Task - From the data that follows, print exactly the lines starting at the one containing "2015 Maruti Ciaz" and ending at the one containing "10005 Dunfries Rd - Photo 4 of 16"; include both of them and nothing more.

The input -
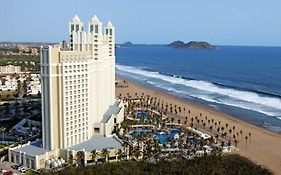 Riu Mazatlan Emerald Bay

...

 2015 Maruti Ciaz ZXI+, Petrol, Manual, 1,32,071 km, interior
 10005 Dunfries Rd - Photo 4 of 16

Written answer -
 2015 Maruti Ciaz ZXI+, Petrol, Manual, 1,32,071 km, interior
 10005 Dunfries Rd - Photo 4 of 16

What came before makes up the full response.